Before choosing an algorithm, write down four things explicitly:

  1. what are the left vertices?
  2. what are the right vertices?
  3. what does one edge mean?
  4. why may each endpoint be used at most once?

If you can answer those four questions cleanly, you probably have a bipartite matching model.

Common anti-cues:

  • one left vertex may need multiple assignments
  • one right vertex has capacity larger than 1
  • the graph is not naturally split into two parts
  • the objective is weighted cost, not just cardinality

Those are signals that the real problem may be:

Problem Model And Notation

A matching M in a graph is a set of edges such that no two edges share an endpoint.

In a bipartite graph:

\[ G = (L \cup R, E), \]

every edge goes between the left part L and the right part R.

We call a vertex:

  • matched if it is incident to an edge in M
  • free or exposed otherwise

With respect to a matching M:

  • an alternating path is a path whose edges alternate between edges outside M and inside M
  • an augmenting path is an alternating path whose two endpoints are free

The key operation is augmentation:

\[ M' = M \oplus P, \]

where P is an augmenting path and \oplus is symmetric difference.

In words:

  • edges of P that were unmatched become matched
  • edges of P that were matched become unmatched

The result is a larger matching.

From Brute Force To The Right Idea

Brute Force

For a small graph, you could try:

  • enumerate subsets of edges
  • keep only those that form a matching
  • choose the largest one

This is obviously impossible at contest sizes.

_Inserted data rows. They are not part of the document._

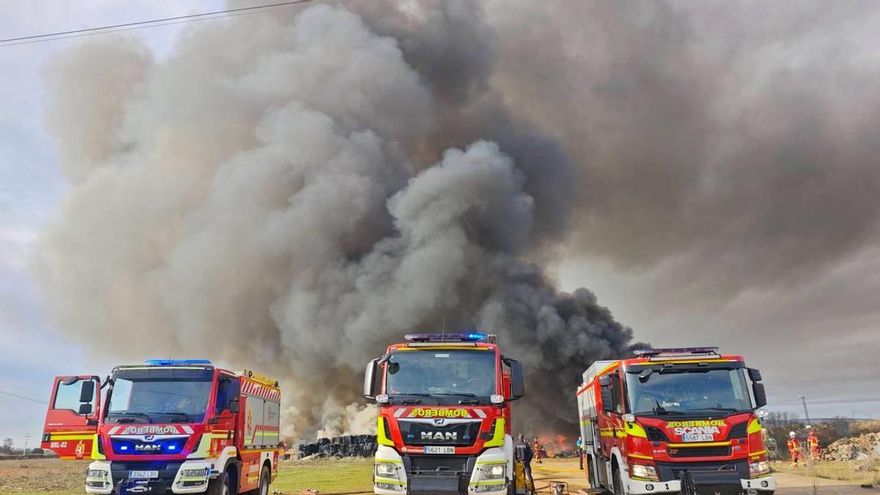 El incendio de una nave de neumáticos y plásticos en La Bañeza provoca una nube tóxica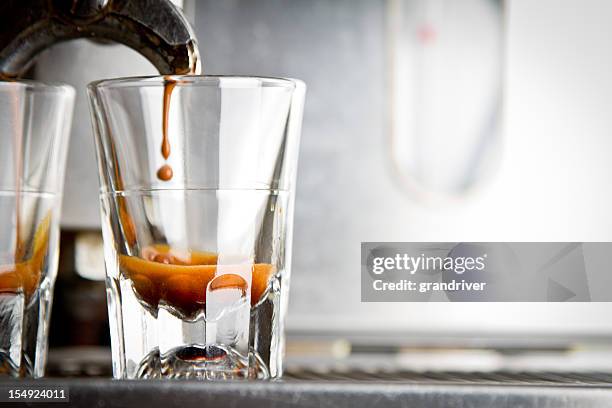 die espresso in einem coffee shop - shot glass stock-fotos und bilder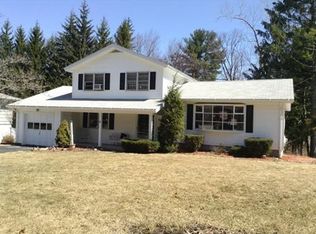 11 Brook St, Leominster, MA 01453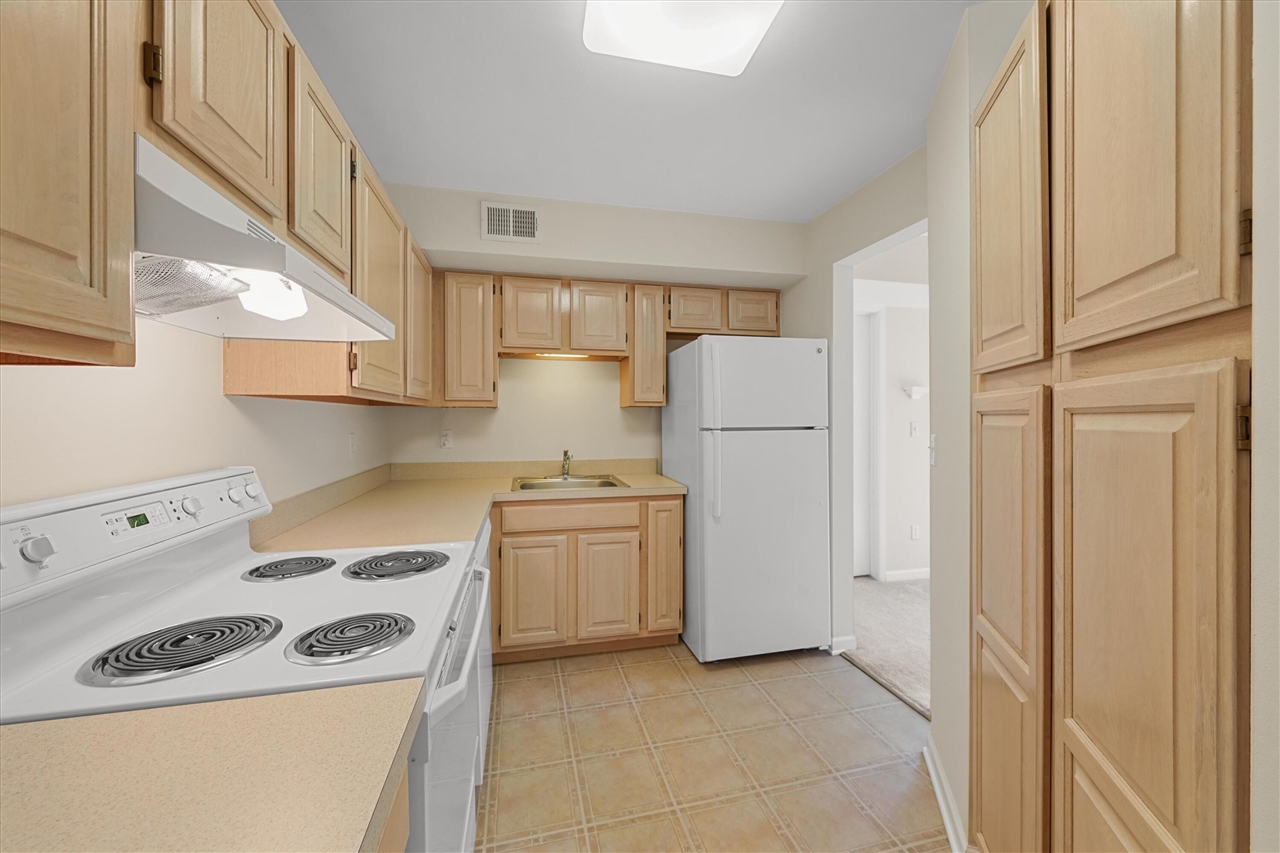 2201 S Huron Parkway Property Photo 13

The Structural Observation

A matching is not just "some chosen edges". It has local structure:

  • each vertex is touched at most once

So if the current matching is not optimal, the improvement must also have structure.

That structure is an augmenting path.

Why Augmenting Paths Are The Right Improvement

Suppose we already have a matching M.

If we can find a path:

  • starting at a free left vertex
  • ending at a free right vertex
  • alternating unmatched, matched, unmatched, matched, ...

then flipping the matched/unmatched status along that path:

  • preserves the matching property
  • increases the number of matched edges by exactly one

That turns "how do I improve the matching?" into:

  • find augmenting paths repeatedly

This is the backbone of all standard matching algorithms.

Why Bipartite Comes First

In bipartite graphs, augmenting paths behave cleanly:

  • they always alternate across the two sides
  • BFS layering makes shortest augmenting paths easy to reason about
  • no odd cycles interfere with the structure

In general graphs, odd cycles create blossoms, and the clean picture breaks.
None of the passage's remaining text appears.